By Jorge Rivas, Senior Manager Forest and Freshwater WWF-Ecuador.

WWF
WWF
Jul 7 · 3 min read
© Alejandro Janeta / WWF-Ecuador.

The rich full-bodied taste of chocolate make them a popular sweet treat among young and old. Known for its high antioxidant content, chocolate was considered a gift from gods in ancient Mayan culture and was used as a form of currency. In the present day, chocolate’s popularity hasn’t waned with global cocoa production going up fourfold since 1960. This has been directly at the expense of native forests in West Africa, Indonesia and Latin America.

Over the past year, deforestation has become a hot topic in the cocoa sector. Deforestation has been attributed to corporate disinterest in the environmental effects of their supply of cheap cocoa, and poor governance and management within designated protected areas. However, the demand for cocoa need not fuel any further deforestation if supported by responsible production that protects and restores forests.

© Alejandro Janeta / WWF-Ecuador.

Amazon’s Indigenous communities in Cuyabeno heavily depend on cacao production for their livelihoods. WWF supports these communities in the development and improvement of the crops using agroforestry systems which controls soil erosion and reduces water loss and depletion of organic matter and nutrients from the soil.

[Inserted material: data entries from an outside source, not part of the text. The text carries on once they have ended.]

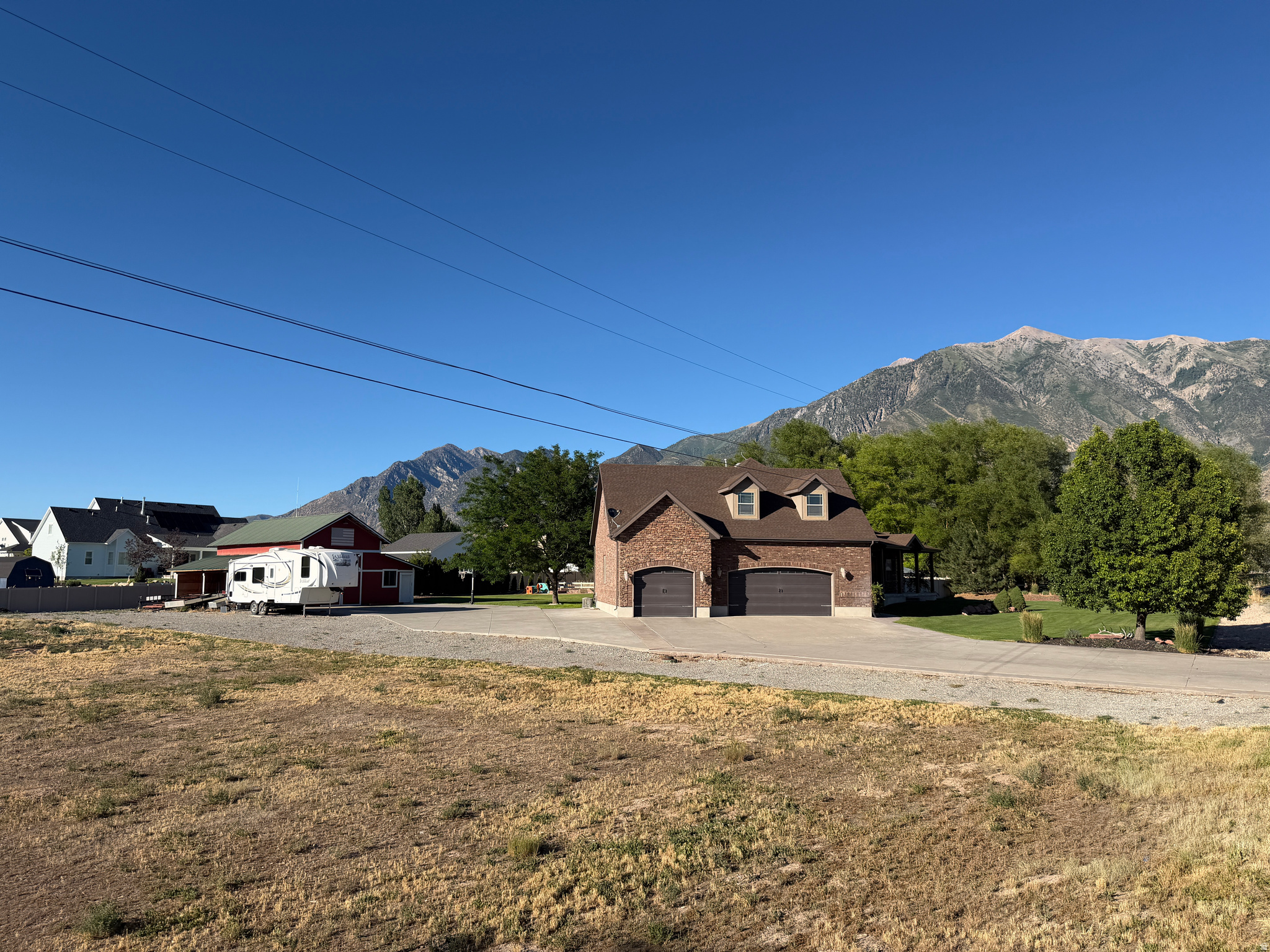 main property photo 6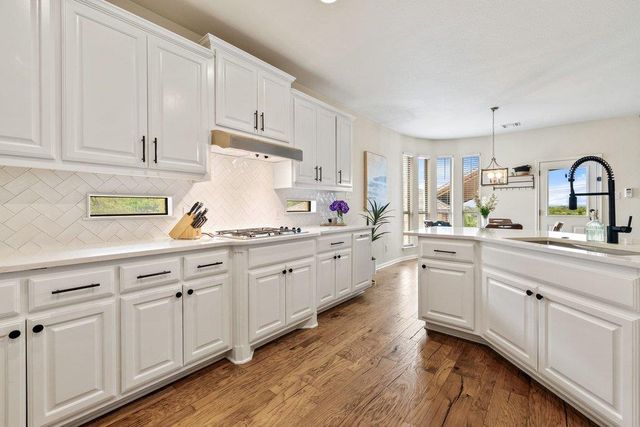 22332 Rock Wren RD, Spicewood, TX 78669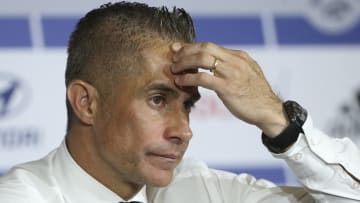 Com imbróglio em parceria, Corinthians devolve zagueiro ao Náutico. Carlão ficou três meses em São Paulo. 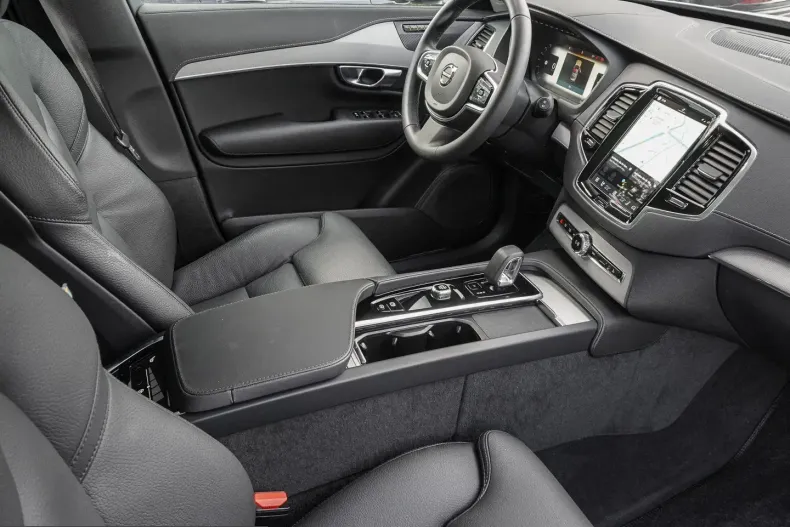 Volvo XC90 din 2024 cu 18.612 km - oferta VOL252667 - foto 8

This way, cacao grows under the shadow of native trees, which prevents deforestation and produces a bean with exceptional aroma and flavour.

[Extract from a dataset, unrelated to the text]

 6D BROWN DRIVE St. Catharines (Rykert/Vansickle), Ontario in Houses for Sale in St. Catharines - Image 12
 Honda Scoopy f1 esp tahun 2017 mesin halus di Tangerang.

WWF Ecuador with cooperation from WWF Belgium has been working since 2012 with indigenous communities of the Cuyabeno Reserve on various conservation issues, helping them manage their natural resources and empowering the local organizations. In 2014, we began working with the Kichwa indigenous community of Zancudo Cocha (an area that spans over 172,000 ha), to improve their cocoa production and marketing methodologies. Within this community, 21 families produce high-quality cocoa, whilst incorporating sustainable cocoa production methods within their traditional farming practices.

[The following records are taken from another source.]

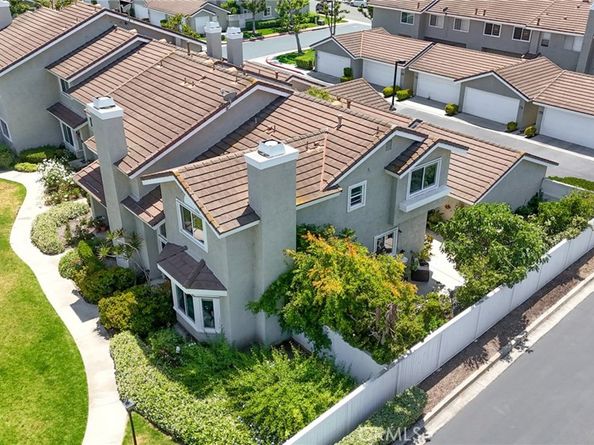 226 Greenmoor 95, Irvine CA 92614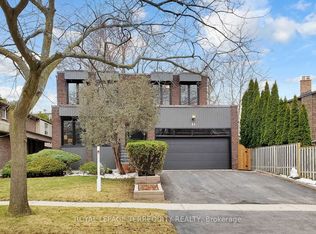 41 Beardmore Cres, Toronto, ON M2K 2P3
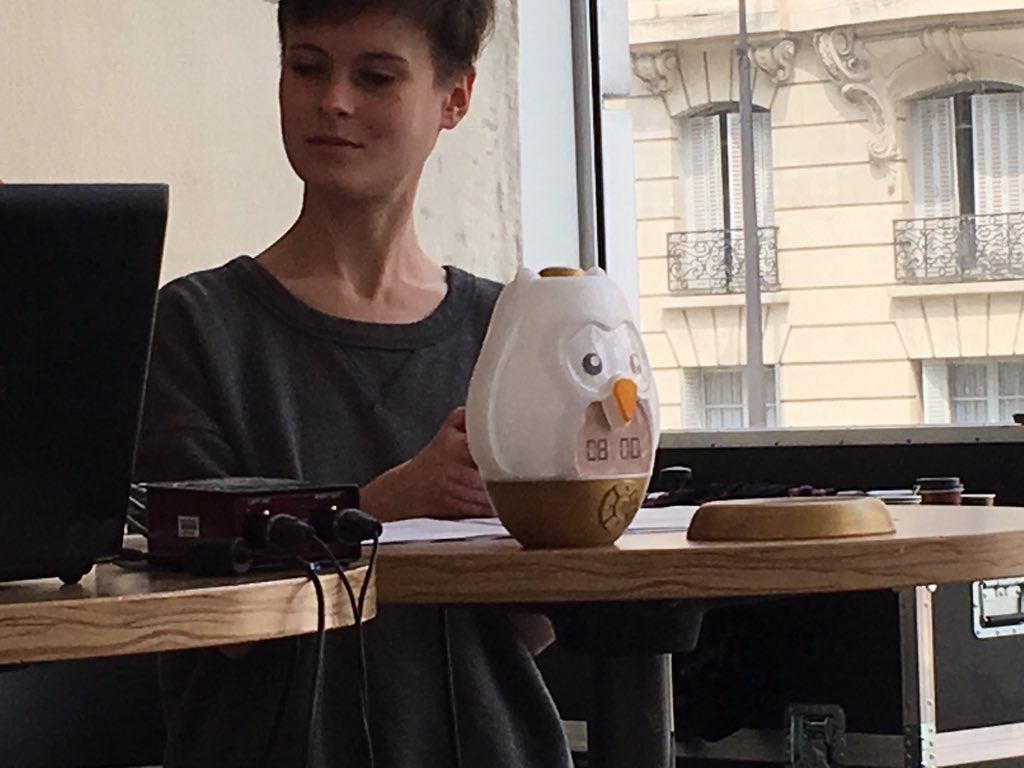 CoulissesRF's tweet photo. Grâce à l’accélérateur d’idées, l’équipe gagnante a pu conceptualiser son idée  @Montréal @iciradiocanada avec la méthode du #designprint et prototyper son idée @radiofrance et la tester auprès d’utilisateurs. #cafeRf #chouetteradio #radioreveil  #innovation #collaborateurs https://t.co/dDfxMteYZB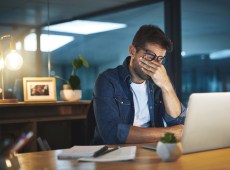 Lavoro al PC e stress visivo: quando gli occhiali non sono sufficienti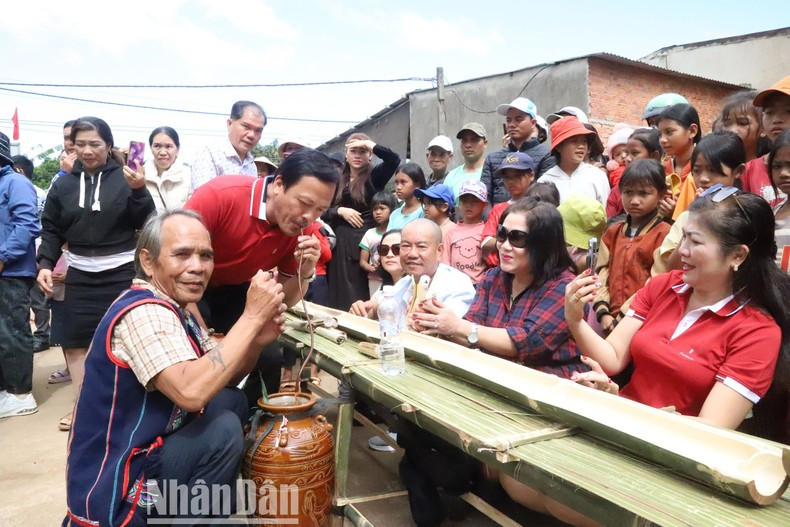 Muchos turistas llegan a disfrutar de la festividad y los platos tradicionales.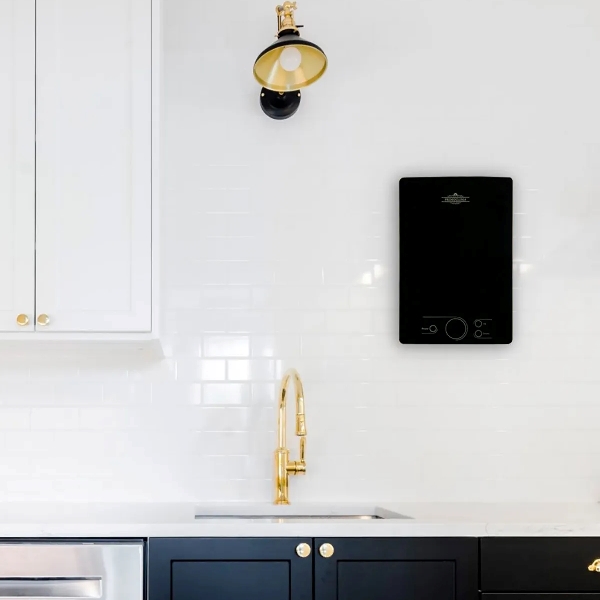 Электрический проточный водонагреватель PRIMOCLIMA AMOR 8.8 кВт, чёрный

© Alejandro Janeta / WWF-Ecuador.

Since 2018, the project has expanded to support 3 nearby indigenous communities within the Cuyabeno Reserve. Currently, we are working for improvement of the complete value chain with 21 families of the indigenous Cofanes of Zábalo; 36 indigenous Shuar families from Taikiwua and Charap communities.

In order to improve the cocoa supply chain and increase the prices of the cocoa beans by these traditional communities, we established an alliance with a well-known Ecuadorian premium chocolate production company, Pacari in 2018. Pacari is an Ecuadorian Enterprise, who works with 3,500 families of small-scale farmers in Ecuador, through direct commerce. Pacari buys the cocoa beans from these communities, offering the producers a commercial relationship, with fair and on-time payments. Pacari buys the cocoa beans from Zancudo Cocha community and pays an additional 60% of its local average value. In 2019, Pacari and WWF supported the community of Zancudo Cocha to obtain organic certification, which was funded by Pacari.

© Alejandro Janeta / WWF-Ecuador.

WWF and Pacari share similar principles and values and are working for an Ecuador that is sustainable both for its people and its biodiversity. All the while, producing some of the world’s finest chocolate and chocolate products, with a unique aroma and flavours.